Every line of the listing below should be written out exactly, minus its images.

*** PROVIDED DATA ***

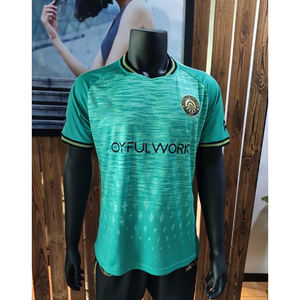 Conception libre séchage rapide sublimation imprimé personnalisé maillot de football vêtements de sport uniforme vêtements d'équipe impression vêtements de football - Product Image 4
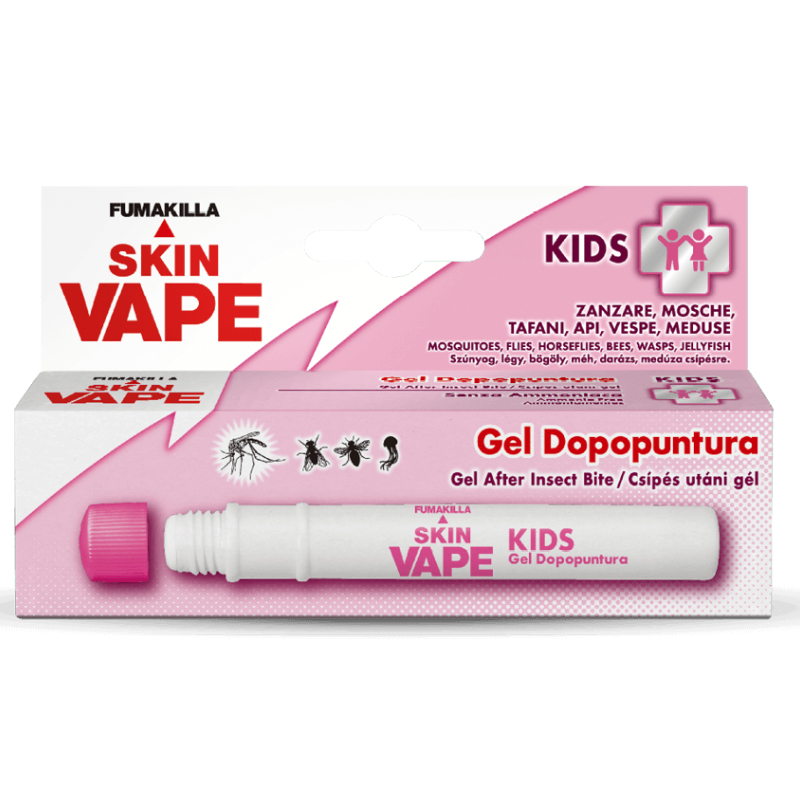 VAPE DOPOPUNTURA GEL PENNA 10 ML DERM BAMBINI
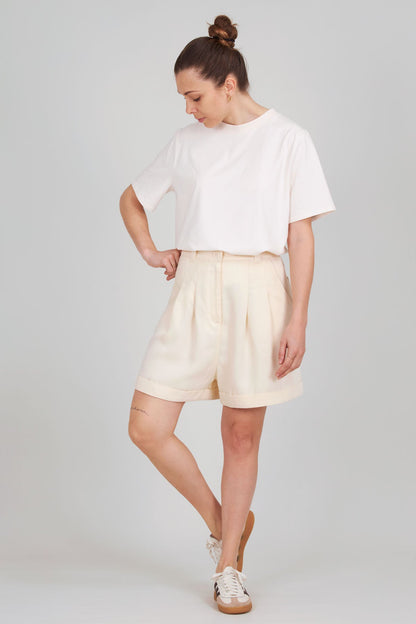 I am HARMONIE - High - Waisted Trouser - I AM PATTERNS - Simplifi Fabric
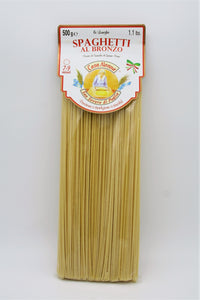 【長】Spaghetti | 南意傳統意粉 - 500g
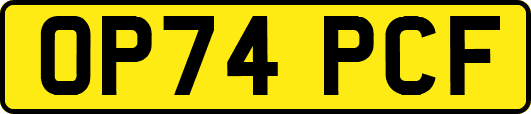 OP74PCF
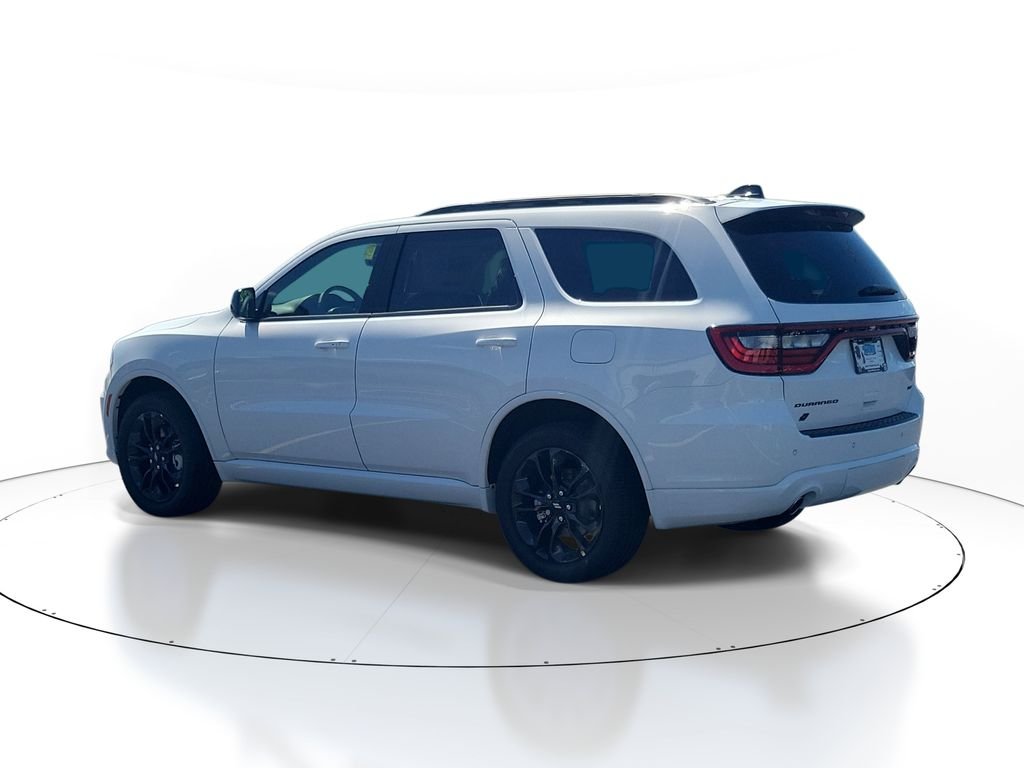 New 2026 White Knuckle Clearcoat Dodge GT image 3
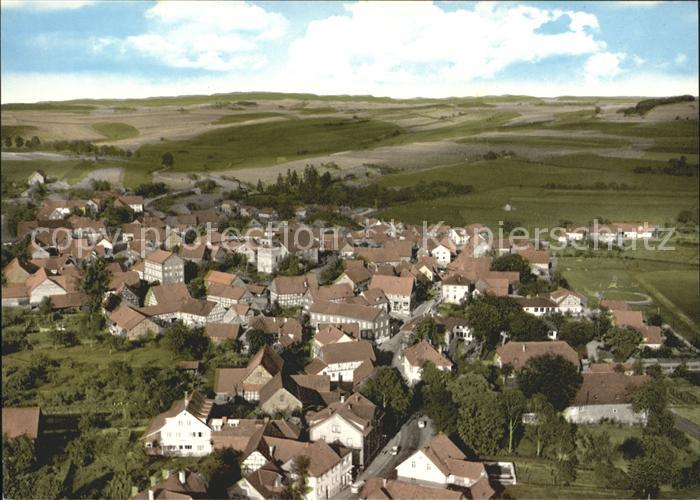 Voehl Fliegeraufnahme Edersee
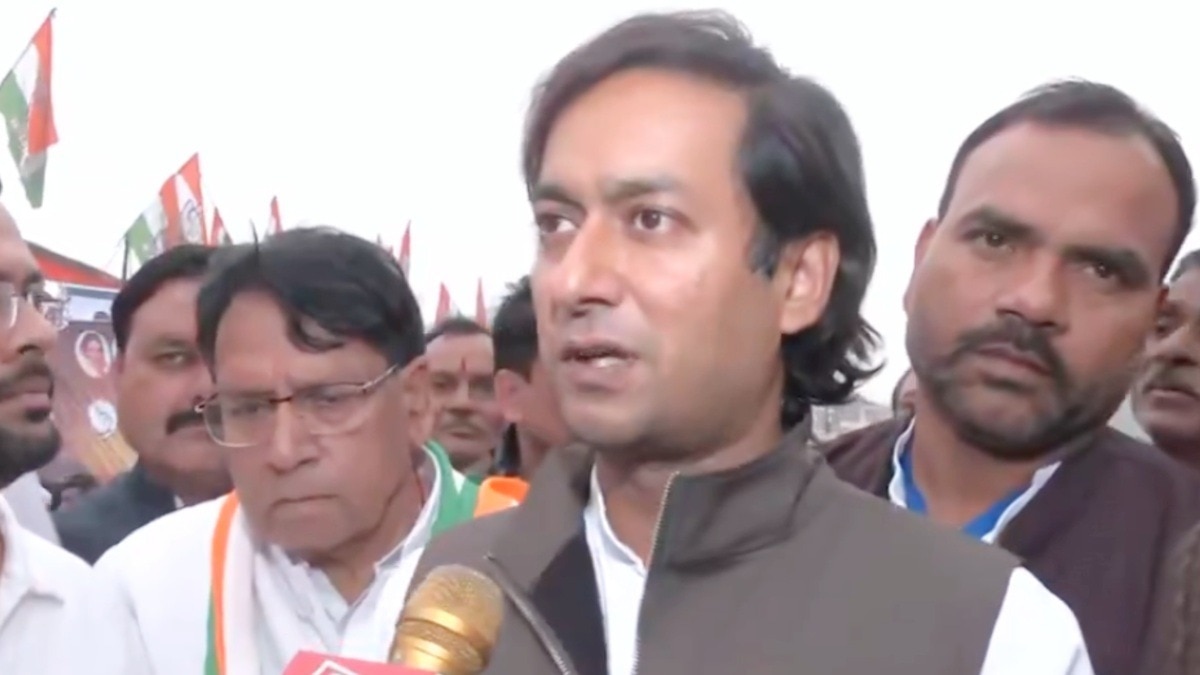 Jaivardhan Singh Corruption Allegations MP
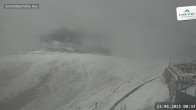 Archiv Foto Webcam Blick vom Gipfel der Schmittenhöhe 07:00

*** End of PROVIDED DATA ***

EXERCISE ANSWER
 Conception libre séchage rapide sublimation imprimé personnalisé maillot de football vêtements de sport uniforme vêtements d'équipe impression vêtements de football - Product Image 4
 VAPE DOPOPUNTURA GEL PENNA 10 ML DERM BAMBINI
 I am HARMONIE - High - Waisted Trouser - I AM PATTERNS - Simplifi Fabric
 【長】Spaghetti | 南意傳統意粉 - 500g
 OP74PCF
 New 2026 White Knuckle Clearcoat Dodge GT image 3
 Voehl Fliegeraufnahme Edersee
 Jaivardhan Singh Corruption Allegations MP
 Archiv Foto Webcam Blick vom Gipfel der Schmittenhöhe 07:00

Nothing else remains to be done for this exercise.